Bien sûr puisqu'un jour à Vienne, j'ai fait l'expérience de rester à la fin de la pièce dans le noir en attendant - j'avais fait un pari avec un ami - exactement autant de temps que je voulais jusqu'à ce que je décide que le public applaudisse. Et ça a marché: les gens ont applaudi exactement quand je voulais. Je crois qu0il n'y a pas de mystère, c'est une question d'intention, de communication avec le public. Je parle du théâtre, parce qu'au cinéma ça n'existe pas.

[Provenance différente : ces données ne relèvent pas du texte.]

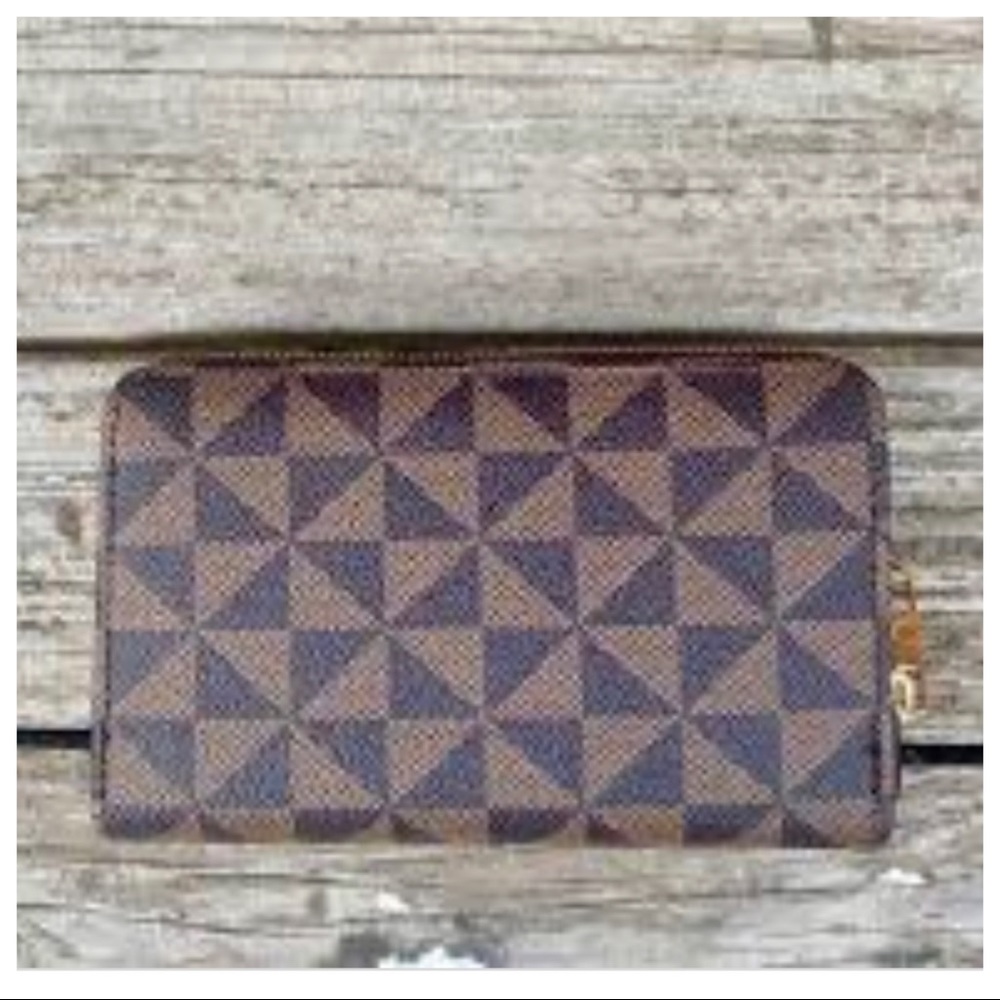Chic Faux Leather Monogram Wallet with shoulder strap - Picture 3 of 3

Pour vous répondre quant aux "satisfactions", je peux seulement vous dire que je remercie Dieu. Si vous êtes acteur et que vous avez du succès - et c'est lié car si vous avez du talent, vous avez du succès - vous devez remercier Dieu de ne pas être laveur dans un pissoir, prisonnier ou ouvrier à la chaîne. Mais vous ne pouvez pas dire que cela vous rende "heureux", non... Tout ce que je peux vous dire, c'est qu'il m'est arrivé de voir l'âme du spectateur du premier rang au théâtre et que, là, j'ai remercié ce spectateur à ce moment. Mais c'est un instant si fugitif, qui passe si vite... Non, vraiment, je peux seulement vous répondre en reprenant la phrase de la grande Oulanova qui a dit: "Cette gloire, cette lumière, comment trouver cela merveilleux s'il y a un petit garçon qui crève à quatre pas de vous..."

Si on en venait au cinéma... Car tout de même vous avez fait 140 films dont 3 seulement sont bons...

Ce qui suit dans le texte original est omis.